Synopses & Reviews
Colombo, 1990. Maali Almeida — war photographer, gambler, and closet queen — has woken up dead in what seems like a celestial visa office. His dismembered body is sinking in the serene Beira Lake and he has no idea who killed him. In a country where scores are settled by death squads, suicide bombers, and hired goons, the list of suspects is depressingly long, as the ghouls and ghosts with grudges who cluster round can attest. But even in the afterlife, time is running out for Maali. He has seven moons to contact the man and woman he loves most and lead them to the photos that will rock Sri Lanka.
Ten years after his prize-winning novel Chinaman established him as one of Sri Lanka's foremost authors, Shehan Karunatilaka is back with a "thrilling satire" (Economist) and rip-roaring state-of-the-nation epic that offers equal parts mordant wit and disturbing, profound truths.
"This book is difficult to categorise. With ghosts and spirits in the afterlife, it is part supernatural. But it also gives you a thorough grounding in Sri Lankan politics. And as the narrative gathers pace it becomes a whodunnit.

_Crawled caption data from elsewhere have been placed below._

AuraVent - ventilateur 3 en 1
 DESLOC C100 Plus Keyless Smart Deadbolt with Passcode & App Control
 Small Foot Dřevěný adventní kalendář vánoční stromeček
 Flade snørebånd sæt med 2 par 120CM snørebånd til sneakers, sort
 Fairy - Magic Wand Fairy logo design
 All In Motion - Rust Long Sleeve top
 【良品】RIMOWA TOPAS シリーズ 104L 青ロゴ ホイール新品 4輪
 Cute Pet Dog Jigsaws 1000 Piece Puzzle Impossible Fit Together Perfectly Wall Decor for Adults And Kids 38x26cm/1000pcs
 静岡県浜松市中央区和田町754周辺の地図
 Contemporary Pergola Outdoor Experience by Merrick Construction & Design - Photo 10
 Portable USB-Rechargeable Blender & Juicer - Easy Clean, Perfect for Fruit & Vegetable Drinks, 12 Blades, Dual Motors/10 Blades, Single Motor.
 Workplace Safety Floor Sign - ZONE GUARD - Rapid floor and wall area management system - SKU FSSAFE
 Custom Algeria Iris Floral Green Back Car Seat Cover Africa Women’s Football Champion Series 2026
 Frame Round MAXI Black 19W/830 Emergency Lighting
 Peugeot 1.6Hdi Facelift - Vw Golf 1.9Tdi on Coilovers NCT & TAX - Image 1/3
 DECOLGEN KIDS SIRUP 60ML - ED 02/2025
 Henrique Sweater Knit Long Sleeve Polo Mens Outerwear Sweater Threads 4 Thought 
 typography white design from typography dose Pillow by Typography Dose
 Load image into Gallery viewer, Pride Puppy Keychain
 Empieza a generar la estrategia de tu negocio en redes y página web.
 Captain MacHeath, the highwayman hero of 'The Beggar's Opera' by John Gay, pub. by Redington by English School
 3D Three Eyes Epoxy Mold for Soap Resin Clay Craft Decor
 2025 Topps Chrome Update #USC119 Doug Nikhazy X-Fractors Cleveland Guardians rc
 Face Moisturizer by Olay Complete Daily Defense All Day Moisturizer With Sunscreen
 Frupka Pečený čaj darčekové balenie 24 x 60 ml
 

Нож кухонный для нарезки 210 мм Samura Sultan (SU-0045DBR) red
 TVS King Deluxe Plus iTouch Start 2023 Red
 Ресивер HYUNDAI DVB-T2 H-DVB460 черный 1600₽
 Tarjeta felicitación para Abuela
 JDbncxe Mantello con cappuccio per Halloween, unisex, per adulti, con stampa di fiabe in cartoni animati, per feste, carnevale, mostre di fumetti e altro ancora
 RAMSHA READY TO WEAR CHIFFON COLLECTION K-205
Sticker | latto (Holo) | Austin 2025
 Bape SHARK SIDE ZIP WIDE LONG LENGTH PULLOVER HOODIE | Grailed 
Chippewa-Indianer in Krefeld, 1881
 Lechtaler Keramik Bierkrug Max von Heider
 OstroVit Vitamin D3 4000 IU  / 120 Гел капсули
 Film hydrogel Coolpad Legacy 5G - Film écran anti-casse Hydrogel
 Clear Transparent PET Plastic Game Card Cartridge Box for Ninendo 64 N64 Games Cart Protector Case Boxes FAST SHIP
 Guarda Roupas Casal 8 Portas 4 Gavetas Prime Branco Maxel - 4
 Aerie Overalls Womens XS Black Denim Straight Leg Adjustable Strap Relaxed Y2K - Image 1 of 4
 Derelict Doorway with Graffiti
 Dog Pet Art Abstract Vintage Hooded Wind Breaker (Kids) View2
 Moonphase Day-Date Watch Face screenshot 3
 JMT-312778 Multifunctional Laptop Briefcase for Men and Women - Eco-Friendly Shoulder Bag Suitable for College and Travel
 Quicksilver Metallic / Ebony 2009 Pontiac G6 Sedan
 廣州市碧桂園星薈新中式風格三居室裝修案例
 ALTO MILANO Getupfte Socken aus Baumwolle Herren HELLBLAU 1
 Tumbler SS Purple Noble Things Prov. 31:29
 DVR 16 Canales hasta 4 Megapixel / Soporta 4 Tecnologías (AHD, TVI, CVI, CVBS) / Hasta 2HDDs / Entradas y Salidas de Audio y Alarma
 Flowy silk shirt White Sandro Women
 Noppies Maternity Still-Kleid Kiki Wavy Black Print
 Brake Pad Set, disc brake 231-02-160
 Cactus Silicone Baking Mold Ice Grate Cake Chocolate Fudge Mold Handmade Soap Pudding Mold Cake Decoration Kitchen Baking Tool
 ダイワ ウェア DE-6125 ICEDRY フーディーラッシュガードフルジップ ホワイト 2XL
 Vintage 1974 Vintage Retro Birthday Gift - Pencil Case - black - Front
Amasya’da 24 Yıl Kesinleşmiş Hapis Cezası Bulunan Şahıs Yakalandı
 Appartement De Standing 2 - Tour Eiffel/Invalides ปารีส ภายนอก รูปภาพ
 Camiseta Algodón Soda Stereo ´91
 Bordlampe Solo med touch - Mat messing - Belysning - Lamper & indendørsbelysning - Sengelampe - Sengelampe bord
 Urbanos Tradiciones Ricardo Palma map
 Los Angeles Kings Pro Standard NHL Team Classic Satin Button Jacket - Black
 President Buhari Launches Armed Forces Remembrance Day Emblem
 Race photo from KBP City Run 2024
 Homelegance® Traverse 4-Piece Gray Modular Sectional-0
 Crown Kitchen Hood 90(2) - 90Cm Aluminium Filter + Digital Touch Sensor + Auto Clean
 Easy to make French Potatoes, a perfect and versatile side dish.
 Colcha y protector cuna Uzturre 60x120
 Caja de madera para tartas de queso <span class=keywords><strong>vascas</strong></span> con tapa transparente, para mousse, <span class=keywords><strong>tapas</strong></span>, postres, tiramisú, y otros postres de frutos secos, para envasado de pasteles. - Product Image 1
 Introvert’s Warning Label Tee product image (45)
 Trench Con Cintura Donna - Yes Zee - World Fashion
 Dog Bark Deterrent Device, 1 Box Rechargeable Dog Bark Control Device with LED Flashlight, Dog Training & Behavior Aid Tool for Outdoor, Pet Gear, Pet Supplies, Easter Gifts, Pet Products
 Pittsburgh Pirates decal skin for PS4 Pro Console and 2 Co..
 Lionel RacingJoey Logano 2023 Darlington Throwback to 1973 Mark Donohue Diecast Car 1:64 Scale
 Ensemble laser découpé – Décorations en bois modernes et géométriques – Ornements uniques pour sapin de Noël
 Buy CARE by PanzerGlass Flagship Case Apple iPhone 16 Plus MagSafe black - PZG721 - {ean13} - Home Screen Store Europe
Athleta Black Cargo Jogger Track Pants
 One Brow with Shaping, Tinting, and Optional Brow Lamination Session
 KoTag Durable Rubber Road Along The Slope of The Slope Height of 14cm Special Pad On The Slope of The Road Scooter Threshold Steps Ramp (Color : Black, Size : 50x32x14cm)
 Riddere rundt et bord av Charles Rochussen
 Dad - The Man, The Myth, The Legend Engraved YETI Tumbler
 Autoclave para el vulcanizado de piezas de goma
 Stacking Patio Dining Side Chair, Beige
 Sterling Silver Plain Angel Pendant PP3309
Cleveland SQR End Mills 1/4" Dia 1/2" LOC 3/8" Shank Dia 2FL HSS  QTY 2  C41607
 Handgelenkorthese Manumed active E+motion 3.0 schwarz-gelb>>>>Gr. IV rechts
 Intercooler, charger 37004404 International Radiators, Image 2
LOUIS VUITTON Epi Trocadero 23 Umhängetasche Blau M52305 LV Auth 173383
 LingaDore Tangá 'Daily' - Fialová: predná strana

The result is a thrilling read." Rebecca Jones, BBC
"The obvious literary comparisons are with the magical realism of Salman Rushdie and Gabriel García Márquez. But the novel also recalls the mordant wit and surrealism of Nikolai Gogol's Dead Souls or Mikhail Bulgakov's The Master and Margarita... Karunatilaka has done artistic justice to a terrible period in his country's history." Tomiwa Owolade, The Guardian
"A mix of mischievous magic realism and absurdist humour... [A] wild, uncategorisable [novel]." Claire Allfree, The Telegraph
About the Author
Shehan Karunatilaka is the award-winning author of Chinaman: The Legend of Pradeep Mathew. The Seven Moons of Maali Almeida is his second novel. Born in Colombo, Sri Lanka, he studied in New Zealand and has lived and worked in London, Amsterdam, and Singapore.